What is expected: Find "What Is Ddlt" in the material, then return exactly the line containing it and all lines after it to the end, leaving out pictures.

Material provided:
☆ ☆ ☆

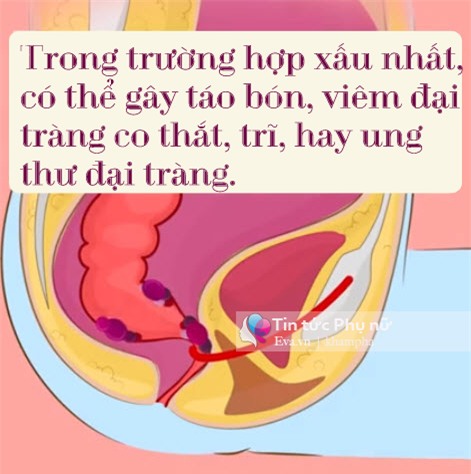 chi vi chiec bon cau, con co nguy co bi ung thu dai trang - 6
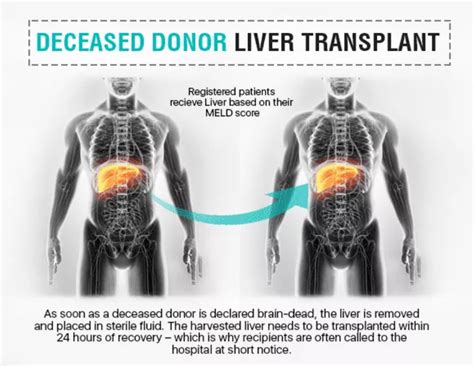 What Is Ddlt Deceased Donor Liver Transplant Score Ailbs India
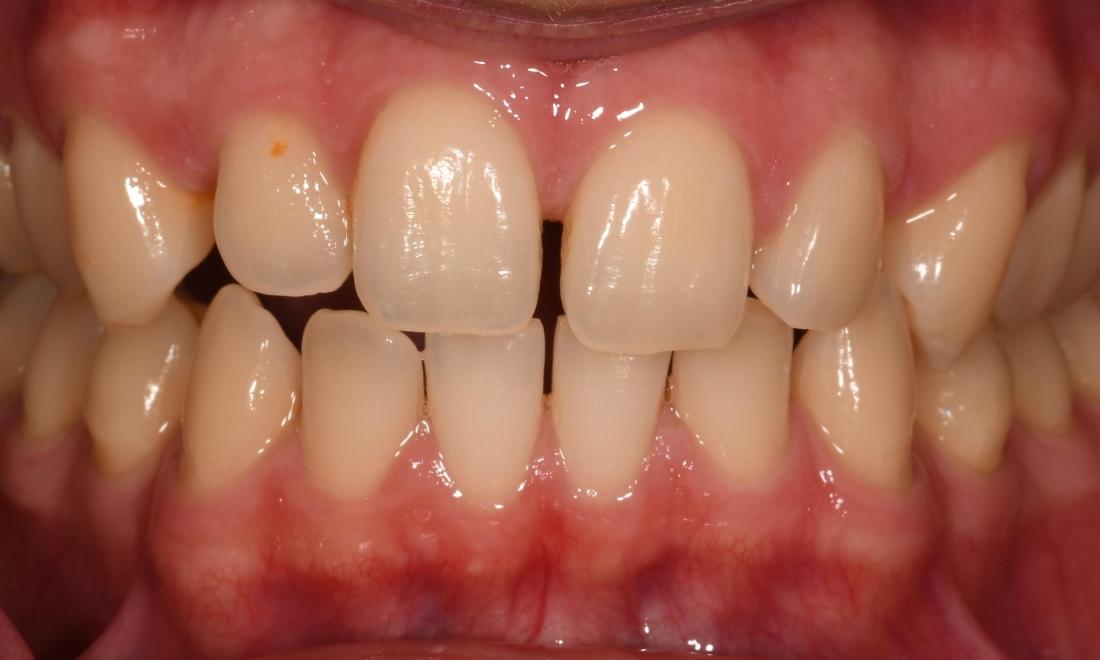 Before Six Month Smiles in Winning Smiles Fontana CA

☆ ☆ ☆

Exercise solution:
 What Is Ddlt Deceased Donor Liver Transplant Score Ailbs India
 Before Six Month Smiles in Winning Smiles Fontana CA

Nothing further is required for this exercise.